Du sucre lui fut présenté, et Soames remarqua : « Pas mauvaise, la charlotte ! »

La charlotte disparut. Un long silence suivit.

Irène fit un signe : « Otez les azalées, Bilson ! Mademoiselle June n’en supporte pas l’odeur ! »

— Non ! qu’ils restent ! dit June.

Suivirent des olives de France, avec du caviar russe, sur de petites assiettes. Et Soames remarqua : « Pourquoi ne pouvons-nous pas avoir la grosse espèce, les espagnoles ? » Personne ne répondit.

Les olives disparurent. Levant son verre, June demanda : « Un peu d’eau, s’il vous plaît ! » Bilson lui versa de l’eau. Des prunes confites d’Allemagne parurent sur un plateau d’argent. Il y eut une pause assez longue. Ensemble, en parfaite harmonie, ils les mangeaient.

Bosinney se mit à compter ses noyaux. « Cette année, — l’un prochain, — un jour[1]... »

Irène acheva à voix basse : « Jamais. Quel splendide coucher de soleil nous avons eu ! Le ciel est encore couleur de rubis... d’une telle beauté !... »

Il répondit : « Oui, au bas du ciel sombre. »

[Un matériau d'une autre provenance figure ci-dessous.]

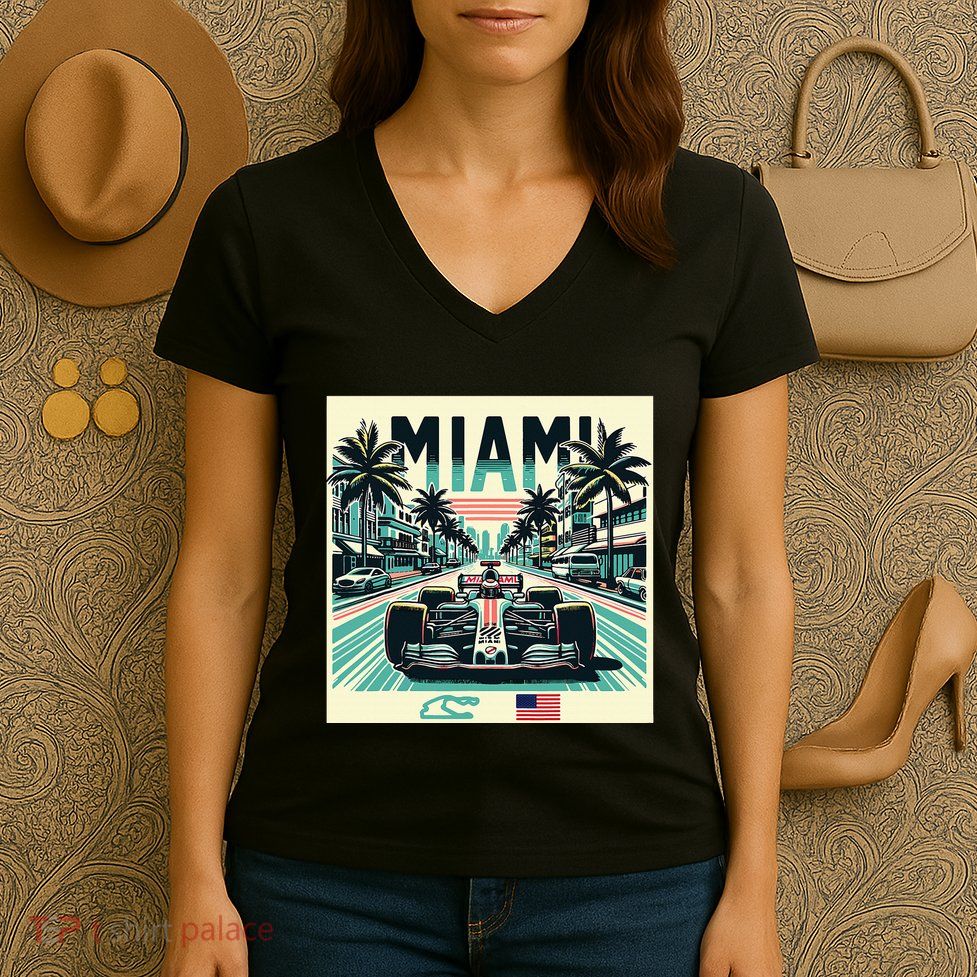 Formula Racing Open Wheel Car Women's V-Neck T-Shirt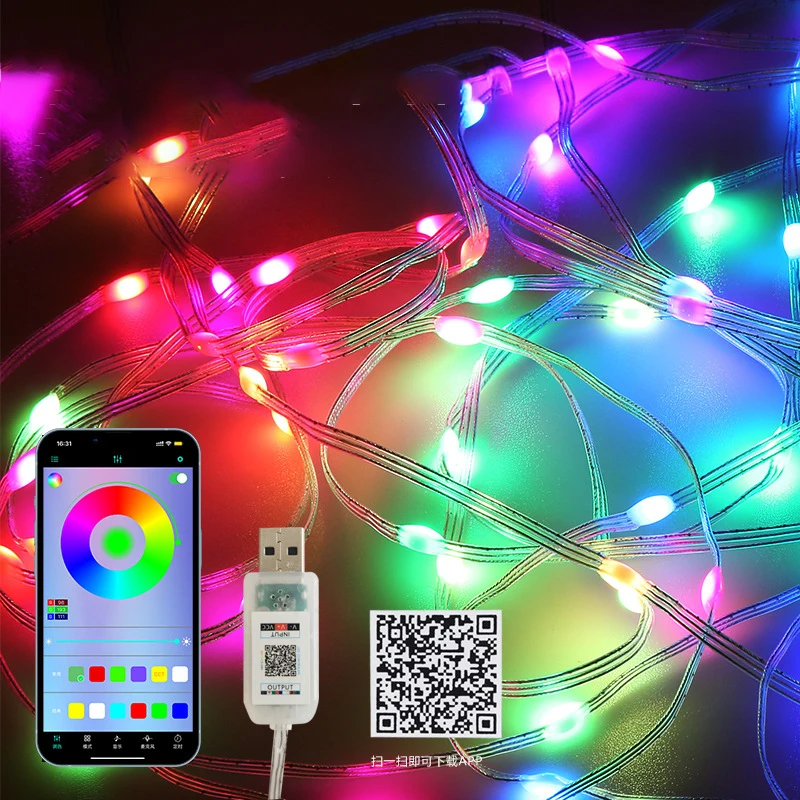 USB-aangedreven RGB LED-lichts - Smart Garden Light Controller recensie en prijs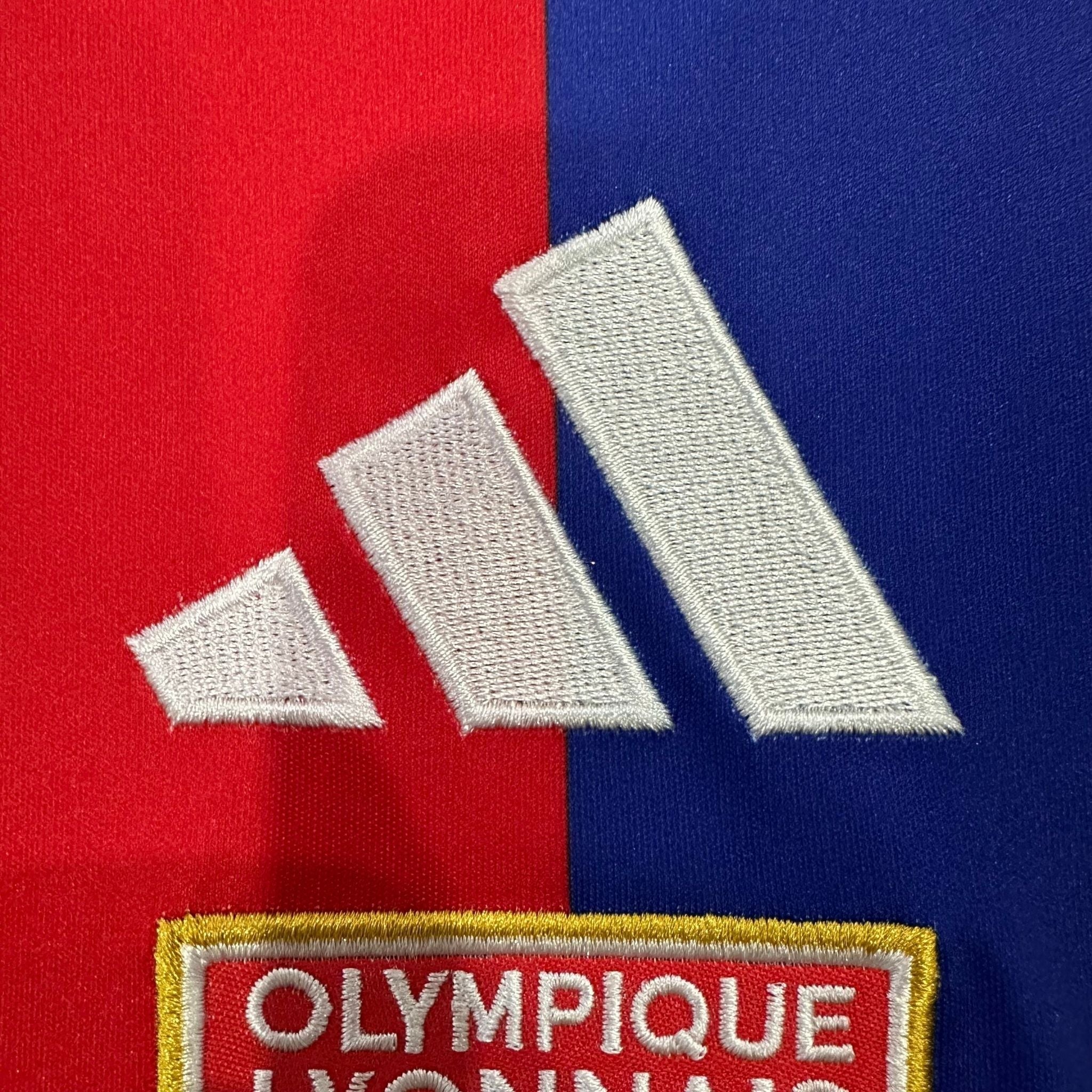 25/26 Lyon Home Kit from FootballPrestige.club - Premium Football Kits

Leurs yeux s’étaient rencontrés, et June s’écria d’un ton de mépris : « Un coucher de soleil de Londres ! »

On passa des cigarettes égyptiennes dans une boîte d’argent. Soames eu prit une et demanda : « A quelle heure votre théâtre[2] ? »

Personne ne répondit, et l’on servit du café turc dans de petites tasses d’émail.

Irène, avec un lent sourire dit : « Si seulement... »

— Si seulement quoi ? dit June.

— Si seulement ce pouvait être toujours le printemps !

On passa la liqueur : un cognac pâle et vieux.

Soames dit : « Bosinney, un doigt de cognac ? »

  1. C’est la formule d’un petit jeu traditionnel, comme notre : Je t’aime... Un peu... Beaucoup..., et qui consiste à prédire, en comptant des noyaux, le mariage ou le non-mariage. Le dernier mot de la formule est jamais.
  2. Bosinney, ce soir-là, doit conduire sa fiancée au théâtre.